The brain is the real center of music (Peter Weibel)

Paola Pluchino.  L’armonia delle sfere procede dalla moltiplicazione dei suoni della natura, teoria delle affinità elettive che susseguendosi vicendevolmente si influenzano, nel rapporto reciproco che instaurano tra corpo e corpo.

Fin dai Manifesti Futuristi di Luigi Russolo, oltre il movimento Fluxus e l’estremo sperimentalismo di Jhon Cage, LaMonte Young e Ryoji Ikeda, Douglas Henderson applica l’assetto urbano al suono, esprimendolo all’interno dell’ambiente in cui questo viene generato e prodotto. Figlio di una poetica musicale poco incline alla concettosità affascina lo spettatore con le sue installazioni site specific, come Music From Empty Holes, in cui l’archeologia industriale è mezzo cui accedere per un riempimento interiore, prodotto altro rispetto alla musica imitativa e classica.

Se gli addetti ai lavori potrebbero qui in Italia storcere il naso di fronte e alla considerazione della musica urbana come oggetto d’arte (quella Sound Art molto in voga invece a Berlino) e alla bigotta presa di posizione che si, bella ma questa musica rimane solo un rumore, Douglas Henderson risponde con la maestria dell’avanguardista, con la preveggenza di chi scopre, lontano dalla calcificazione di categoria, con fare capace e innovativo una linea creativa non umana ma organica (Inorganico od organico sono la stessa materia, Gilles Deleuze, La piega. Leibiniz e l’universo barocco).

Lo studio del rumore, l’idea del registrare il passo come corde di un’arpa, l’ibridazione dei linguaggi visivi insieme a quelli sonori rivelano in lui una componente rivoluzionaria, celebrata in una retrospettiva a lui dedicata (opening 9 marzo) presso la visionaria Galerie Mazzoli di Berlino e all’apertura in contrappunto (17 marzo) della collettiva presso lo ZKM di Karlsruhe con Christina Kubisch, Serge Baghdassarians e Boris Baltschun.

Il suono è il rifugio e la parola sicura di un’arte che a volte vacilla nell’arroganza e nella supponenza di saper dire e sapere come dirlo, uno spazio conversazionale quasi saturo e perlomeno colmo di antinomie pervasive e diversificanti che, lungi dal produrre il nuovo o l’espressivo, spesso tendono solo all’autocelebrazione, a una ripetizione stantia e sterile di forme del dire già trascorse, già battute, popolarmente “già viste”. In una contemporaneità che fatica a svecchiare i propri contenuti negli stili e nei modi, dove anche l’eccesso di originalità si rivela anti – comunicativo e improduttivo, Douglas Henderson riesce, col rischio di venir frainteso e tacciato come anti – artistico e al limite col design sonoro, ad esprimersi contestualmente allo spirito del tempo, muovendo le corde della modernità con fare metodico e istintivo a un tempo, producendo nello spettatore collassi mentali di origine arcaica e futura: una nuova architettura del tempo, un nuovo modo di fruizione del divenire. ( una teoria del soggetto che costruisce se stesso in relazione al futuro piuttosto che attraverso le modalità della memoria sembra richiedere un’architettura totalmente nuova del tempo.
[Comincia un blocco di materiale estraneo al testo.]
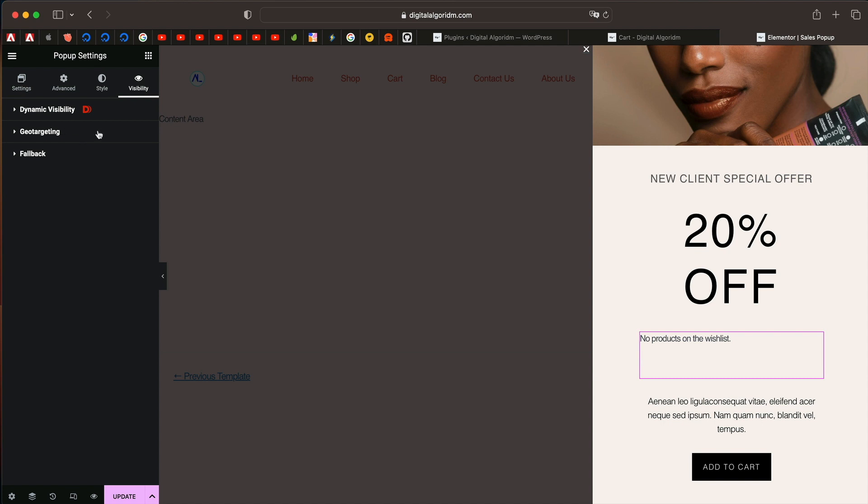Those are the use cases that I could think of. Let me know how you would use dynamic visibility for your pop-ups to make your pop-ups better.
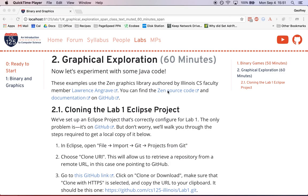All right, so the next part of the lab we're going to have you experiment with some Java code. The examples we're going to use today use a graphics library called Zen that was authored by Lawrence Ogreve, one of the faculty members at the University of Illinois.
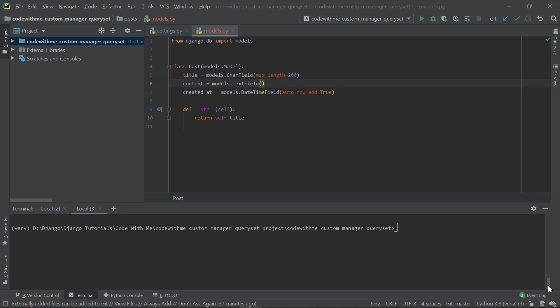Hey, this is Jasim from Code With Me, and in this video I'm going to be showing you how to implement a custom manager and a custom query set in a model in Django. If you are new to my channel, please subscribe and click the bell icon. Without any further delay, let's jump right into it.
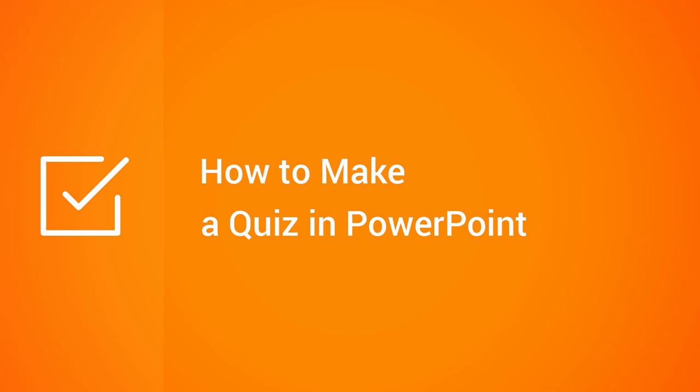This tutorial will show you how to make a quiz in PowerPoint, and then show you that same quiz in a tool that's faster, easier, and more powerful.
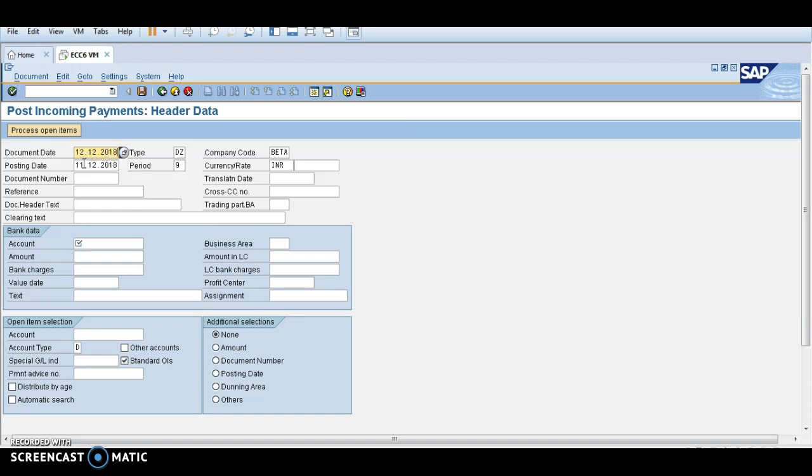So customer invoice was 11-12-2018 and customer payment was done on 12-12-2018. Document number, there is no need to enter any document number over here.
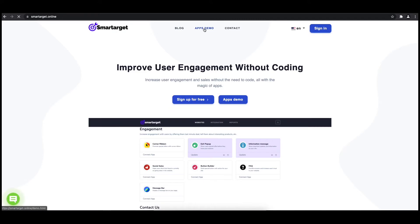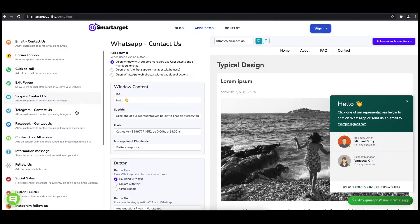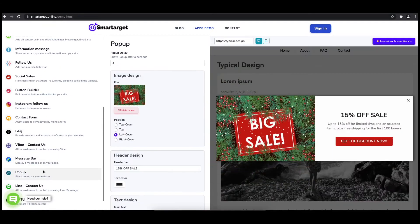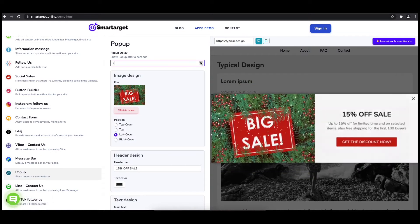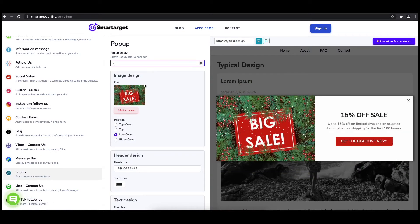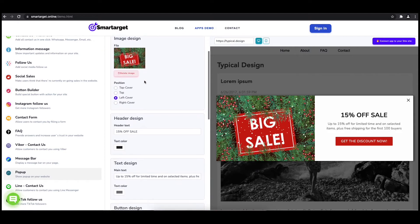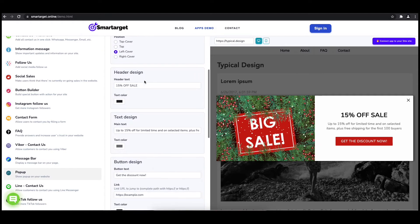First, click on the app's demo and then you will see the pop-up setup. The first thing is to choose after how many seconds from a page load the pop-up will appear. Now let's write the pop-up content, like the header, main, and button content.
Daniel Birnbaum, Cronologia, p.99)

Come il principio di Chevreul, applicato pedissequamente dalla mano serausiana, presupponeva che il colore venisse lasciato puro, mischiandosi solo successivamente nella retina, così cogliendo il tutto dell’opera, con Henderson (come accade per On the Road Home) solo nel circolo  dell’energia sonora prodotta da stanza a stanza, l’orecchio raccoglie e trasmette, al nervo vago dell’arte, innumerevoli stimoli sonori, come spiriti sottili che attraversano la multisensorialità e la policromia dell’evento originario.

Lo stile di Henderson, lungi dal venir all’oggi tacciato di lontananza dall’arte deve essere riabilitato e, elevato nel novero della contemporaneità essere ascoltato in tutta la sua potenza erotica, nel suo fare trascendente all’occhio, nella sua veemenza arcana, in linea con quella purezza visiva che anche i minimalisti cercavano di sperimentare.

Indietro fino ai riti tribali, al sacro attendere delle celebrazioni, Douglas Henderson regala al pubblico la possibilità del ricordo, della nostalgia, dello spirito interiore che prende corpo, spogliando il dionisiaco dalla sua componente terrena e futile.

Un Pasto Nudo direbbe Burroughs, dove il terribile senso delle pulsioni  si connette al suono che permea l’aria e in successione si riflette.